Think of this: Do we not witness how professional sports often brings out the animal in players. Many such violent sportspersons have poor education records, but infamous prison records. 

But music is reassuring, calming, intellectual and spiritual. Sports can begin the development of personality but only music completes one’s personality. And they both need the operating platform called formal education. Education without music has populated India with malnourished, underdeveloped personalities, just what a nation must avoid to progress. 
Same goal

Like education, the purpose of music too is to set people free. Protests and revolts in the West have seldom failed to use the liberating power of music. But it’s a different story in India. Our movies are often known for their songs. This has given rise to a popular misconception that music is equal to songs and sets off many young people to learn music, although it takes a while before they realise they were misled. 

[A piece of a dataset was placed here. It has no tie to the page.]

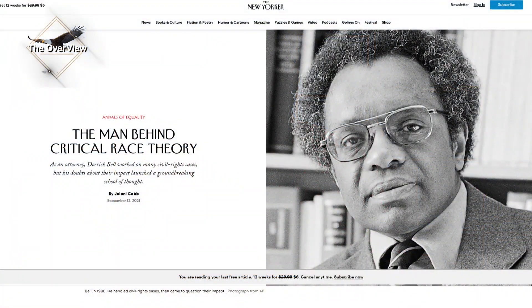Critical race theory began to develop around the 1970s. The main activists include Derrick Bell, Alan Friedman, and Richard Delgado. What they realized was that although things like affirmative action and civil rights acts came about during the 1960s, the race issue hadn't gone away — there were still issues around race which were not changing as quickly as they would have liked to see.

How often do we find buskers as one does in the West. Among many who busk (or jam) in the West include reputed professionals. music (and art) in the West was never confined to select audiences in select locations. This implies that we project in our movies what we lack in our lives. 
 How music helps

It is true, and somewhat unfortunate, that so far no successful Indian has so far attributed their success to music. But the story is a little different in the West. Here is an excerpt from an article ‘Is music the key to success?’ by Joanne Lipman (New York Times, Oct 12, 2013). The article begins by noting that ‘Condoleezza Rice trained to be a concert pianist. Alan Greenspan, former chairman of the Federal Reserve, was a professional clarinet and saxophone player. The article goes on to name many high-achievers such as Paul Allen, the billionaire co-founder of Microsoft (guitar) and Woody Allen (clarinet).  Larry Page, co-founder of Google, played saxophone in high school. Steven Spielberg is a clarinetist. The article, no doubt, focuses on westerners and in particular, Americans. Clearly the power of music remains untapped by most Indians who are not professional musicians.
What schools can do 

There are several examples of musicians who have dropped out of school or simply had no access to schooling. The great Gangubhai Hangal chose to spend time practising music than spend time in school. Such examples seem to suggest that schooling may not be necessary for music. True.

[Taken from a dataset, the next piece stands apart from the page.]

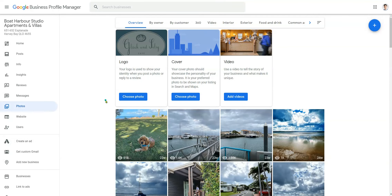In this video, I'm going to show you how to upload a cover image for your Google My Business profile and outline a marketing message inside the actual hero image so that you get more clicks to your website.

But not all can reach such heights. Success in formal education will be the only mantra for most people. But they too need exposure to music. This is where music must be made part of our education beginning at kindergarten where elementary music education must replace mindless singing of nursery rhymes or bhajans. 

Schools can begin and end their day with good music instead of hymns. How often do we find schools inviting musicians across genres to demonstrate their knowledge in their schools? Schools must stop compartmentalising activities: Singing and playing music shouldn’t be confined to special occasions such as cultural festivals or school days. 

Schools need to create an atmosphere of, not songs, but music. They must invite musicians to conduct concerts at least once a month. They must involve students in a discussion about music just as they are eagerly involve in political debates. Why should music be perceived as mere entertainment and not an integral part of personality development?

Young people are breaking free of reservations and freeing traditions from hierarchical residues, but at great cultural cost. Music can temper our young who are quickly getting sucked into living a fast life, imbuing them with patience and tolerance.